Fantastic Fest Review: 'The Innkeepers'
Ti West's follow-up to 'The House of the Devil' is a similar slow burn with greater charms
By William Goss Oct 4, 2011 4:40PM
It's the last weekend of business for Connecticut's Yankee Pedlar Inn, with slackers Claire (Sara Paxton) and Luke (Pat Healy) manning the front counter once more. They're each crashing in one of the hotel's many empty rooms rather than commuting, a maneuver that adds a degree of convenience to their late-night, last-ditch efforts to make contact with the spirits rumored to be haunting the halls.
It comes as little surprise that these two will ultimately get what they wish for, and given the track record of writer/director/editor Ti West ("The House of the Devil," "Trigger Man") to date, it's little surprise that the supernatural shenanigans don't really ramp up until the final reel. But what is surprising and disarming about "The Innkeepers" is that the traditional slow-burn has been effectively replaced by a workplace comedy that's steeped in post-grad ennui and only occasionally punctuated by eerie occurrences.

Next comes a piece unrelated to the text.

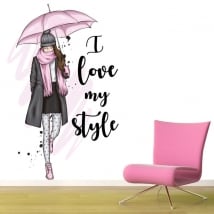 Vinilos silueta mujer frase i love my style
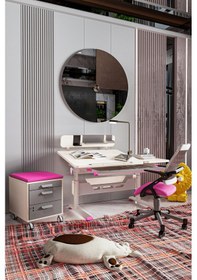 Resim Creo Mobili Yükseklik Ve Eğim Ayarlı, Vega Delüx Bilgisayar Ve Çalışma Masası Takımı Beyaz/fuşya Gri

"Imagine how she feels, trapped here forever," Claire ponders aloud when talking about the ghost of the late Madeline O'Malley. She could just as easily be discussing the single mother who counts among the Inn's very last guests, though, or the actress-turned-medium (Kelly McGillis) who just checked in, or even herself, hardly keeping a quarter-life crisis at bay while chatting back and forth with the perpetually sardonic Luke. What few times we leave the hotel, it's surrounded by a visible populace and yet these two essentially find themselves all alone, isolated with their routines on and off the clock.

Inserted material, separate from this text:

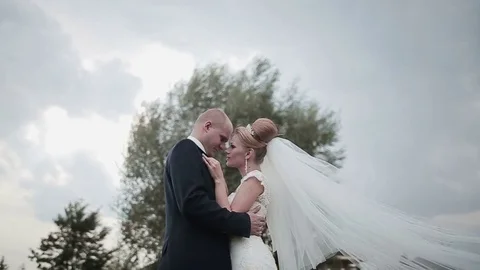 Nice walk of the couple in their wedding day Video stock 70224779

It's no wonder that they go looking for proof of something, anything else in the hotel. West employs a combination of spectacularly immersive sound design by Graham Reznick and a Jeff Grace score heavy on violins and cellos, along with a minimal reliance on digital trickery, to pull off some classically creepy scenes as Claire explores the empty, creaky spaces of the Yankee Pedlar, often by her lonesome. As the encounters become more pronounced, the camera resorts to increasingly canted angles and the score grows spare, all the better with which to patiently escalate the tension.
No small credit is due to the performers, as Paxton's spunky curiosity plays nicely off Healy's cynical shell as they both pursue some semblance of purpose. Their reliably funny rapport is a smart way to earn our sympathies while the likelihood of danger quietly builds, and Claire's particular eagerness to document a shred of proof slyly counters an audience's tendency to automatically resent any character for eventually treading where they shouldn't.
As opposed to the outright retro facsimile of "House," "The Innkeepers" is a decidedly old-fashioned haunted-house movie that sidesteps boredom with banter, and perhaps the most refreshing thing about it is the implication that the only fate worse than death or life after it is not having a life in the first place.